Abstract: Health nudges have recently become the center of public debate in the UK, in response to policy proposals drafted by the famous “nudge unit” – a team of behavioral economists advising David Cameron. From placing healthy food first and at eye level in cafeterias, increasing regular medication intake thanks to small but salient incentives, to the use of default-options to increase organ donations, nudges are expected to efficaciously, gently, and cheaply steer people toward health-promoting behaviors without forcing them to change their ways.
Surprisingly, however, there is still little consensus on what nudges are in the first place. To some the very notion of nudge seems overly fuzzy, encompassing anything but the use of outright coercion. Moreover, health promoters feel irritated by the alleged novelty of nudges. After all, they have designed, tested, and implemented nudge-like non-coercive interventions for decades, relying on their own sophisticated models of health behavior (Bonell et al. 2011).
In this presentation, I will address the definition of nudges. This question matters because unless we can pin down what nudges are, we cannot assess the claim that health nudges, as a class, are pro tanto morally justified because they preserve freedom to choose and are designed to enhance welfare.

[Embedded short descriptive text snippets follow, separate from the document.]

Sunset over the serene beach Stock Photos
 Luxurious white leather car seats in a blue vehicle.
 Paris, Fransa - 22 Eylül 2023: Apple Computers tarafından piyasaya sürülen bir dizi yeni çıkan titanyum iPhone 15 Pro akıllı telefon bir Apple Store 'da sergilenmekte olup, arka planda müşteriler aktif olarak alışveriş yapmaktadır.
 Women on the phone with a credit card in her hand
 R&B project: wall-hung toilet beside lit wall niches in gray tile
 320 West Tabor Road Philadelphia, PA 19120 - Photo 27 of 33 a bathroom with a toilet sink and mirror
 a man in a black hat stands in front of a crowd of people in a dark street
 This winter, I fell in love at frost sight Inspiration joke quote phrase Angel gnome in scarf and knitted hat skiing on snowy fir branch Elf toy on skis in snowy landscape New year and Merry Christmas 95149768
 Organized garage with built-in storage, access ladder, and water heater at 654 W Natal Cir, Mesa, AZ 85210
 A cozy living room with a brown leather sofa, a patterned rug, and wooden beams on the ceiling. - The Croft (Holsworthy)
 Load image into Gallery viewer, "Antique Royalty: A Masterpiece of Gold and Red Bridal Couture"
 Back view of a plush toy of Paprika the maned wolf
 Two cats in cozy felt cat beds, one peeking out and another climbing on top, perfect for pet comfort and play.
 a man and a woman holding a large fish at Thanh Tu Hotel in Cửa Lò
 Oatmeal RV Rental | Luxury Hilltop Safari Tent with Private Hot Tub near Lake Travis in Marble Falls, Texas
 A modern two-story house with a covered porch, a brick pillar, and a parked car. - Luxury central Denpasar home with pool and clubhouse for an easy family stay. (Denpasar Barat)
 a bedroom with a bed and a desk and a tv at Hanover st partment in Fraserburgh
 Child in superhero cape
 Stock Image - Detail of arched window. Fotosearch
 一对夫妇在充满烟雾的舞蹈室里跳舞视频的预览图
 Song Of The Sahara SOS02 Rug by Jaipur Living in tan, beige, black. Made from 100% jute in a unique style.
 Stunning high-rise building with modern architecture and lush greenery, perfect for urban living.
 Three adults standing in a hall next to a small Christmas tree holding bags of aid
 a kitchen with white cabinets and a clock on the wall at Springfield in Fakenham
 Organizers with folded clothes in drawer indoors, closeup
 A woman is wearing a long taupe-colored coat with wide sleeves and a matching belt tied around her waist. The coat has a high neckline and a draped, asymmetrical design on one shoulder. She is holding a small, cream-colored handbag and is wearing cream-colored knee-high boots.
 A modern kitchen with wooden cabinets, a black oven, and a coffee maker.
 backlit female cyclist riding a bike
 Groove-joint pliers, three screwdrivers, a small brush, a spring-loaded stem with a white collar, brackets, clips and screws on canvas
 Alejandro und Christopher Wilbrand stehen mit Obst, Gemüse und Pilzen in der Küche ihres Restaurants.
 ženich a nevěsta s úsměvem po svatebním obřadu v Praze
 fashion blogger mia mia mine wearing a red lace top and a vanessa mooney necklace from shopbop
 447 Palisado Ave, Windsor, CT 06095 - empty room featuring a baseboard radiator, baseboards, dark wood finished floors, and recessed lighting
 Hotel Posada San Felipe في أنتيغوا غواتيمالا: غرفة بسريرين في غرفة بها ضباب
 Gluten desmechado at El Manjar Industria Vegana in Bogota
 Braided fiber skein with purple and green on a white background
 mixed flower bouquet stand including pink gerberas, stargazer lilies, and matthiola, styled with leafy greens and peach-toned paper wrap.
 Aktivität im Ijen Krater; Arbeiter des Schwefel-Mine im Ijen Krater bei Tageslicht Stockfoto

I will first critically review current definitions of nudges stemming from the seminal work of behavioral economist Dick Thaler and law scholar Cass Sunstein. These authors have defined nudges as “any aspect of the choice architecture that alters people’s [irrational] behavior in a predictable way without forbidding any options or significantly changing their economic incentives” (2009, 6). My central claim is that this definition blurs the line between two kinds of typologies that need to be kept distinct. The first is a typology of techniques used to influence individuals (for instance, techniques designed to structure choices, such as framing effects or default settings). The second typology concerns modes of influencing others that are grouped together depending on the degree of control that the individual retains over her own decisions. Within this typology, we usually distinguish coercive from non-coercive forms of influence such as (dis)incentives and rational persuasion. The problem with current definitions of nudges is that they assume that the two kinds of typologies perfectly overlap. A nudge is thus characterized by a set of techniques (first typology) that are assumed to always track a mode of influencing others that has little impact on the degree of control that people retain over their own decisions (second typology).
I will show that this claim is false. For instance, it is not the case that whenever A uses a default to influence B, A’s intervention is to be categorized as a nudge. In certain contexts, A is attempting to strongly disincentivize B’s behavior. This is the case when the social stigma attached to not following the norm embodied in the default is or becomes very strong. Sometimes B thinks that A is recommending to him the action singled out by the default and is rationally persuaded to follow the recommendation because she has good reasons to trust A’s expertise.
The pay-off of disentangling these two kinds of typologies is that nudges appear to clearly belong to the second typology. They form a subcategory of noncoercive interventions, and nudge is a useful concept for mapping part of this broad and largely uncharted territory. In the remaining sections I discuss additional considerations helpful for contextually demarcating nudges from coercion, (dis)incentives, and rational persuasion, and consider the possibility of hybrids between nudges and alternative modes of influencing others (such as (dis)incentives). A concluding section explores the intricate connection between nudging and manipulating.
Bio: Yashar Saghai a PhD candidate at Georgetown University (Kennedy Institute of Ethics and Philosophy Department). His research interests encompass Bioethics, Ethical Theory, Political Philosophy, and the Philosophy of Cognitive Science. His current work is on the ethics of health nudges. Before joining Georgetown, Yashar received a Master's degree in History of Philosophy from the Sorbonne (focusing on Spinoza) and a Graduate Interdisciplinary Certificate in Medical Ethics from the University of Paris XII-Henri Mondor Medical School.